SMPTE Trust Boundary RP2129

The Society of Motion Picture and Television Engineers (SMPTE) is working on standardising the concept of Trust Boundaries concerning media content delivery over IP networks. The work is still in the recommendation phase Public CD of SMPTE RP 2129. SMPTE is formulating the proposed standard, laying out its core elements, guidelines, and potential use cases to establish a solid foundation for the Trust Boundary concept.

SMPTE’s initiative is crucial because it allows for the more efficient and secure transportation of high-bandwidth, media-specific payload traffic, which is, as mentioned earlier, not adequately supported by traditional IT firewalls. Furthermore, with the rise of IP-based media flows, implementing Trust Boundaries prevents unwanted traffic, enhancing the overall network’s integrity.

This standardisation effort also highlights the importance of adequate security testing to comply with internal guidelines, emphasising the operational significance of encryption, authentication, and monitoring. Thus, SMPTE’s work is laying down the foundation for secure, reliable, and efficient media content delivery over IP networks in the future.


Transitioning from legacy media interfaces to IP workflows presents opportunities and challenges for media professionals. While IP networks offer unparalleled power and flexibility for media transport, they require meticulous planning and execution to ensure seamless and secure content transmission.

Throughout this article, we delved into three critical challenges when sending linear transport streams over IP networks, particularly when reaching out to remote locations. We explored the importance of network segregation, the risks of misconfiguration, and the necessity of guarding against cyber attacks. To overcome these hurdles, we discovered the value of implementing media-specific firewalls tailored to handle media networks’ unique demands, ensuring wire-speed throughput, stateful connections, and constant monitoring without jitter.

Furthermore, we highlighted the groundbreaking work of SMPTE in standardising Trust Boundaries for media content delivery over IP. This initiative addresses the limitations of traditional IT firewalls. It paves the way for secure, efficient, and reliable media transport in the digital age.

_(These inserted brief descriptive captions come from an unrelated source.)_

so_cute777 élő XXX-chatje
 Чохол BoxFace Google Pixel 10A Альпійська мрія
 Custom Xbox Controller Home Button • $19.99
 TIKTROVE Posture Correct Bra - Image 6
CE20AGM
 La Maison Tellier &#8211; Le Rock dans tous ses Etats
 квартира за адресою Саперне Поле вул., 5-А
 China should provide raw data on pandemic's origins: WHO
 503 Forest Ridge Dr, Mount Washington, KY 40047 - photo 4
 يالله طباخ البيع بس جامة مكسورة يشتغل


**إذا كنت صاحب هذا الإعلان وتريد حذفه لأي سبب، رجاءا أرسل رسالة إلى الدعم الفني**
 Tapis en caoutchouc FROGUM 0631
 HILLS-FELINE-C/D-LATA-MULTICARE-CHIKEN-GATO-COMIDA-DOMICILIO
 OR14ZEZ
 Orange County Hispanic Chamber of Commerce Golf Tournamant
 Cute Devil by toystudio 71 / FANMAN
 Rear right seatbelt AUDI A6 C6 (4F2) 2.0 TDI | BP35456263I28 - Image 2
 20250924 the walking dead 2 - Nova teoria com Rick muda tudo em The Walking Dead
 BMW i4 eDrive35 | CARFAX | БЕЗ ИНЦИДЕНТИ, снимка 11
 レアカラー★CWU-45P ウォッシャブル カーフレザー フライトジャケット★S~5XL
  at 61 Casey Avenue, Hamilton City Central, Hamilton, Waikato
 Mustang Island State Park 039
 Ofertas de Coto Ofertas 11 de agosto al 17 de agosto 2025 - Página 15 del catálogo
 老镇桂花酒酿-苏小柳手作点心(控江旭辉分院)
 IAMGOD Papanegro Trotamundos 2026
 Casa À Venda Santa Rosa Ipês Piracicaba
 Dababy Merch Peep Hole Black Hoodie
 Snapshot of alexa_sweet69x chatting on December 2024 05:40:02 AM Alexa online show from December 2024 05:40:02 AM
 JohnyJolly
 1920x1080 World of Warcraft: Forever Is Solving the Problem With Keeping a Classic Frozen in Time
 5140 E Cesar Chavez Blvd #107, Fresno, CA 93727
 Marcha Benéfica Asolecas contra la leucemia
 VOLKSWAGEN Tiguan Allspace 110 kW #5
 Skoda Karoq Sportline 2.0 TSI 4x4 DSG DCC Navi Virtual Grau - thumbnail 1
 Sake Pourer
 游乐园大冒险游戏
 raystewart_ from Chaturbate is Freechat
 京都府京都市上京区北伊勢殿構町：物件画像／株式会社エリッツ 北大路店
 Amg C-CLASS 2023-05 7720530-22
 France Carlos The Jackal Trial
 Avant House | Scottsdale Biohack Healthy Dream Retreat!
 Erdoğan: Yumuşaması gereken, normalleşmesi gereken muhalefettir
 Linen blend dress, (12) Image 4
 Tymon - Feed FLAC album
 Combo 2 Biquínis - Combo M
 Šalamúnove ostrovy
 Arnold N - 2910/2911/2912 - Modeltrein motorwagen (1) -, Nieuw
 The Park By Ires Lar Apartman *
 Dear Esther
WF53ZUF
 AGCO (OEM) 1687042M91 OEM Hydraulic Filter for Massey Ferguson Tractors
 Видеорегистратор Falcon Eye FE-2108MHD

As the industry evolves, embracing these innovative solutions and standards will be crucial for safeguarding valuable media content and maintaining the integrity of IP-based workflows. Together, we can leverage the power of IP networks while upholding the highest security and performance standards. Let’s embark on this transformative journey, supporting one another and learning from our shared experiences as we shape the future of media transport in the ever-changing landscape of technology and creativity.